A double up of hiking, yesterday and today. Today's was a bit easier, 12km or 20,000 steps, and only about 600m of elevation gain, all on developed trails.
Just over 1000 years ago, when Taiwan was still attached to the mainland and the Philippines all within the 11 dash line, the Qing dynasty had a highway that allowed you to walk all the way from Beijing to Jakarta. Most of this trail never actually existed, but a small section of it remains in Taiwan, especially 2 rocks, with whimsical names as you shall see below.
It is relatively easy to get to this hike from anywhere, it is just as close to Taipei as it is to Yilan, but everything is close in Taiwan. Rumour has it that there is a bus from Fulong station to the start of the hike, but apparently it does not operate on weekends when people would most likely do the hike, so instead I walked about 4km along the road to where some kind of trail starts. It is well sign posted.
There were surprisingly few people on my way up, it seems a lot more people start at Dali, go to the top, and walk back down to Dali, and after seeing how slippery the rocky steps were on the way up, and how relatively un slippery they were on the way down to Dali, this makes a lot of sense to me.
I took a lot of pics, so more misinformation under each pic.
Fulong station, there is a convenience store here and even a Starbucks, this is important info for later, there is nothing at Dali!
I walked along the highway, then made one turn up another road that goes over the train track. Great skies! Still no rain today despite the threatening skies.
The road up to the hike was very peaceful, I expected a lot of traffic consisting of people going to the hike, there was none.
Nice farmland, I am going up over that bit in the fog. I did not want there to be fog today, oh well.
Incense burner.
The trail follows a river for much of its journey, which helps keep everything damp, mossy and very slippery.
These steps look fine, but I cannot figure out how they are so slippery!
The journey up was like walking through a forest garden. There were zero other people for a couple of hours.
Here is the fist of the road markers, evidently, the inscription says, 'boldly quell the wild mists'. Is this truly an ancient rock inscription or a re-creation?
This pavilion marks about the half way point. There are toilets here, but since I had not seen another soul, I decided to just do an open air sprinkler, complete with sound effects.

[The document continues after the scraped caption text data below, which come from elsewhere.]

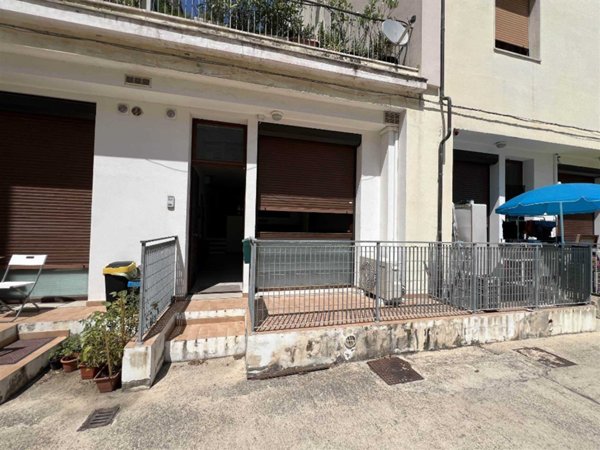 appartamento in vendita ad Ancona in zona Adriatico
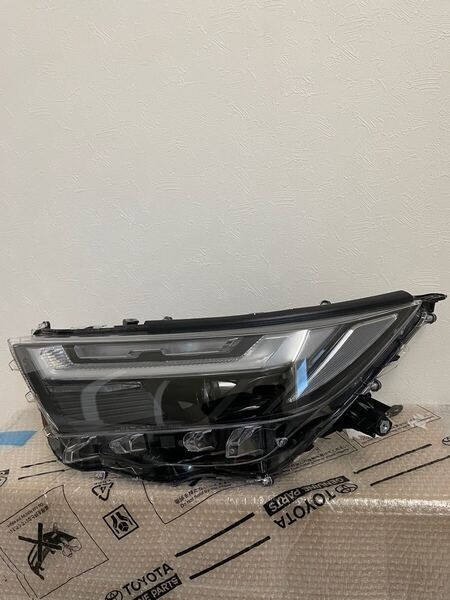 破損無し 極上品 RAV4 ヘッドライト左 AXAH54 STANLEY 42-112 使用期間1ヶ月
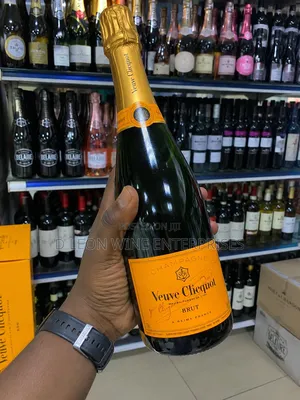 Veuve Cliequot Brut Cartoon by ( 12 Bottles )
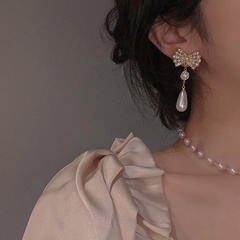 New Elegant Retro Bow Pearl Clavicle Chain Earring Light Luxury Jewelry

I popped out of the forest, and into dense fog. It is near here that you are supposed to get the view of the coast. Not for me today!

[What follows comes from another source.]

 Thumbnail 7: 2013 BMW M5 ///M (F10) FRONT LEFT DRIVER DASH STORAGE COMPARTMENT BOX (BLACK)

The second ancient roadside marker, this one just says tiger. I am yet to see a tiger in Taiwan. Last year I had a guy tell me his father was eaten by a tiger on a hiking trail in Korea.
Some way down the non slippery more developed side, I saw a sign pointing to 'ancient inn ruins', which as you can see was along a very mossy path. I guess this is the ruins.
This is the best I could do for a view, more than half way down, and still half in fog.
Nearly back at the bottom, and there is a cafe, which I think is also the ranger station.
I saw another signpost, nature trail to lookout. The steps were of the non rocky non slippery kind, so up I went.
Here is the view. Cut the damn trees down! Even standing on the seats I could not get a view.
I was almost back at the bottom, I could smell burning rubbish, this means only one thing, a giant temple ahead!
Behold, the Dali temple, that seems to actually be it's name.
All the way out there, with cloud on it, is Turtle Island. It is a very popular spot to go to by boat, but hard to casually arrange, you kind of need to book a day long tour that takes in meals and bus transfers and jade shopping.
Have a bit more temple, it is massive.
Under the temple is a food court! Stinky tofu time!
Last shot of the temple.
Over the road, or on the road itself, is a religious procession about to start. A guy at the back blows a whistle as trucks approach at speed, that will protect them! It could actually be a funeral, but I do not see any trucks full of strippers hanging off poles (that is a real thing, look it up!).
To get to the train station, you go under the road. Cool.
This allowed me to get a view along the coast, those are the small mountains I came over today, still in fog.
I walked along the coast a bit to go to Dali old street, that is the train station on the left.
And here is Dali old street, and a very old sad looking cat, and not much else. No shops, not even a convenience store, not even a vending machine.
Dali station, the end of my hike for today. A very small station, only the slowest of slow local trains stop here, but it is still only about 30 minutes back to Yilan.
Final pic, I just missed a fast train going past, so just the tracks, and a mesh fence.